Let \(0 \le j \le s\) and sample \(f_j \sim \mathcal {D}_j\). Let \(y_1,\ldots ,y_j\) be the single value that \(f_j\) obtains on blocks \(B_1,\ldots ,B_j\). Consider \(y_1,\ldots ,y_j, (f_j(x): x \in B_i, i>j)\). Lets denote by \(E_0\) the event that no two values in this list collide. The probability that any two of these values are equal is \(2^{-m}\). As there are \(\le 2^n\) values, the probability that any two intersect is bounded by \(2^{2n-m} \le 2^{-n}\). Thus \(\Pr [E_0] \ge 1-2^{-n}\).

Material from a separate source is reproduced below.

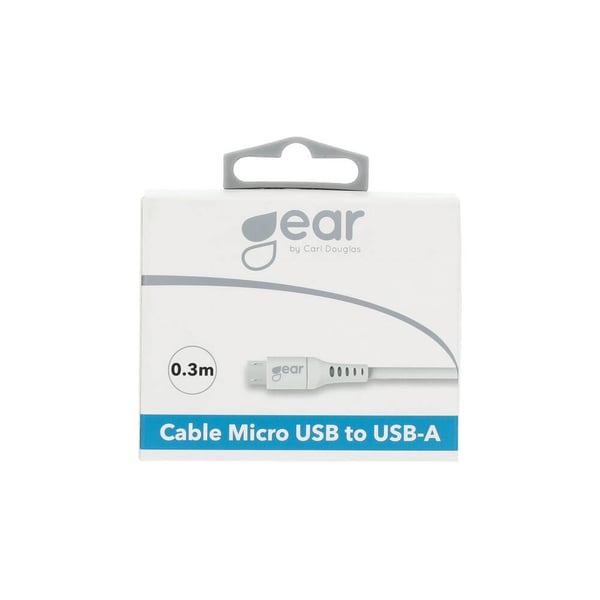 Rund ladekabel MicroUSB til USB-A 0,3m Hvit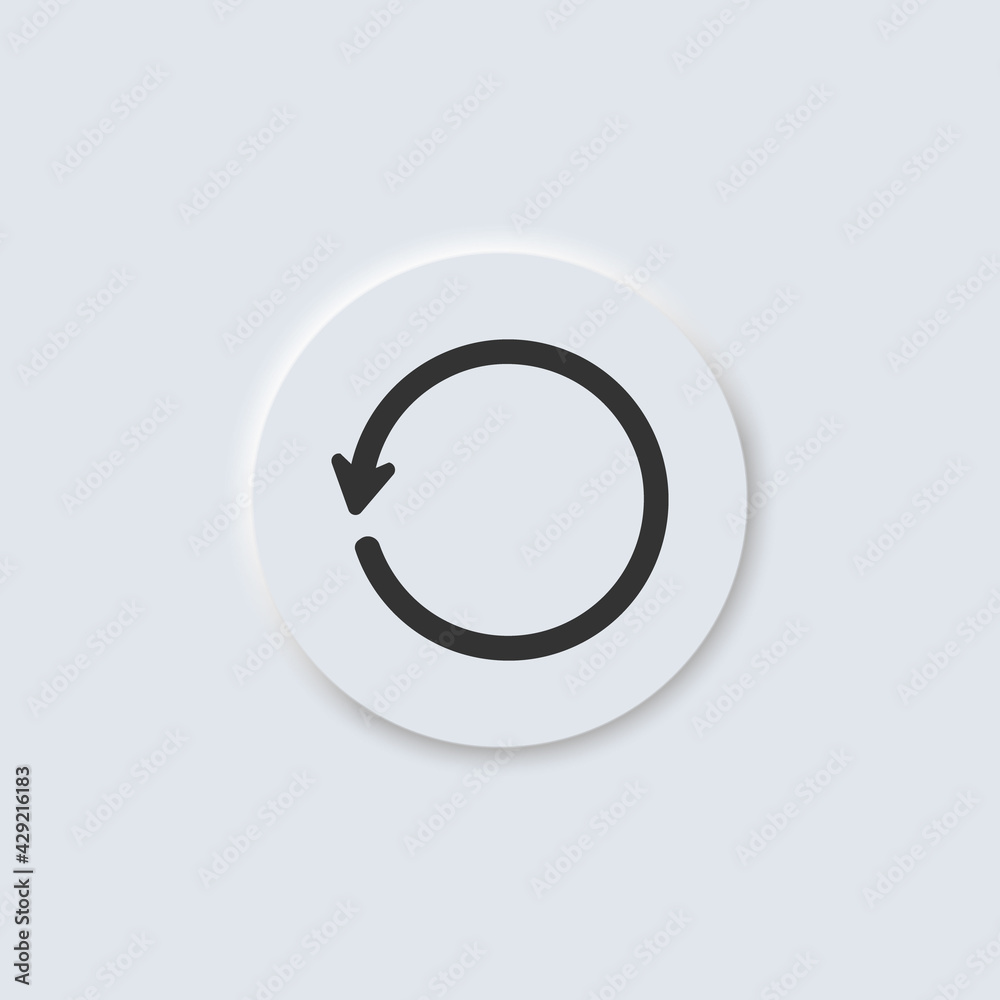 Redo arrow vector icon in button in neumorphism design style Redo arrow vector icon in button in neumorphism design style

Lets assume that \(E_0\) holds. Then, the distribution of \(f_j\) is as follows: there are j values (namely, \(y_1,\ldots ,y_j\)) that each is obtained with probability \(1/s=b/2^n\). All other \(2^n - bj\) values are each obtained with probability \(2^{-n}\). Thus

$$ \mathrm {H}(f_j | E_0) = j \cdot (b/2^n) \cdot \log (2^n/b) + (2^n - bj) \cdot 2^{-n} \cdot \log (2^{n}) = n - (j/s) \log b. $$

We treat \(\mathcal {D}_{s/4}\) as a distribution over (mostly) high entropy functions, and \(\mathcal {D}_{s/2}\) as a distribution over (mostly) lower entropy functions.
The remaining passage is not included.